Chapter : 29

450 52 197
                                    

PETIKAN senar gitar mengisi kesunyian kamar bernuansa hitam putih milik Regan. Melodi gitar di iringi dengan suara merdu Alan menggema dalam ruangan. Sesekali Justin ikut bernyanyi mengiringi petikan senar, meskipun suaranya tak memadai. Ketika suara Justin berusaha mengikuti aliran nada musik, ketika itu pula gelak tawa dari ketiga temannya pecah, tak tertahan.

Setidaknya diriku pernah berjuang..

Meski tak pernah ternilai di matamu..

Setidaknya 'ku pernah menanti,

Terkapar melawan sepi, hatiku..

Yang tak pernah bisa berhenti mencintaimu..
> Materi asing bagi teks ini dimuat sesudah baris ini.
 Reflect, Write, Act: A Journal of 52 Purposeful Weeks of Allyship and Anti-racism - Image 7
Kulit kacang melayang di udara mendarat tepat pada sasaran, kepala Justin. Si pelempar kulit kacang itu tertawa tanpa henti sembari memegangi bagian perutnya yang di rasa sakit akibat menertawai Justin dengan tingkah bodoh yang di lakukan cowok itu, yaitu bernyanyi dengan penuh penghayatan tapi terkesan alay di mata teman-temannya. Mungkin jika orang lain melihat itu, mereka juga akan kesulitan meredam tawa.
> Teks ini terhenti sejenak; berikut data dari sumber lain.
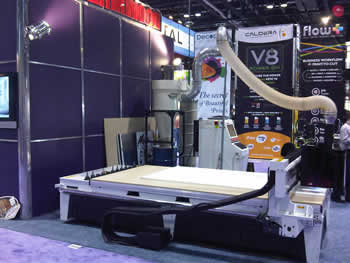 Thermwood Booth at the International Sign Expo 2010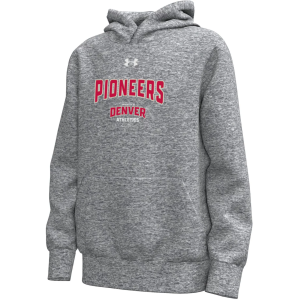 Under Armour Under Armour Girls' Denver Pioneers Icon Hoodie, Small, Gray - $60.00 at DICK'S Sporting Goods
Suara Justin yang terkesan dipaksakan seketika berhenti bernyanyi, semua itu gara-gara kulit kacang yang tiba-tiba menimpuk kepalanya. Justin menatap pria dengan hoodie hijau army yang tengah menertawakannya, ia tahu pasti pria itu juga yang melemparinya.

"Babi lo Lou! Nggak tahu apa orang lagi asyik-asyikan menyalurkan bakat, eh malah lo ganggu!" kata Justin mencomot bolu coklat yang sudah di potong-potong hingga beberapa bagian lalu di sajikan dalam piring dengan hiasan bunga-bunga keemasan di tepinya.
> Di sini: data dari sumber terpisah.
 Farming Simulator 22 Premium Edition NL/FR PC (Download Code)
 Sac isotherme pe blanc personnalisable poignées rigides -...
"Bacot! Suara pas-pasan aja sok-sokan nyanyi, pengep kuping gue dengernya!" timpal Louis menunjuk telinganya sebelum meraup muka Justin.

"Anjing lo!" Justin mengumpat ketika telapak tangan Louis meraup wajahnya.

Louis terkekeh. Tanpa sengaja ekor matanya menangkap Regan yang masih senantiasa berdiri di balkon, entah apa yang tengah membanjiri pikirannya. Dia terus berdiri memandangi langit malam dengan taburan bulan dan bintang.

Louis mengedikkan dagu sekilas menatap punggung Regan yang masih terpajang di balkon kamar. Melihat itu, dahi Justin mengerut lalu dengan cepat ia mengedikkan bahu, pertanda ia tak mengerti dengan sifat Regan yang sedari tadi hanya diam tak bergeming, dia lebih banyak melamun.

"Ga tempe gue, dari tadi diem mulu tuh anak, kebanyakan makan garam kali jadi mingkem mulu deh," ujar Justin asal.

"Gak nyambung lo monyet!" sahut Bima dengan jemari masih sibuk mengutak-atik rubik. "Emangnya makan garem bisa bikin kita mingkem gitu?" lanjutnya bertanya.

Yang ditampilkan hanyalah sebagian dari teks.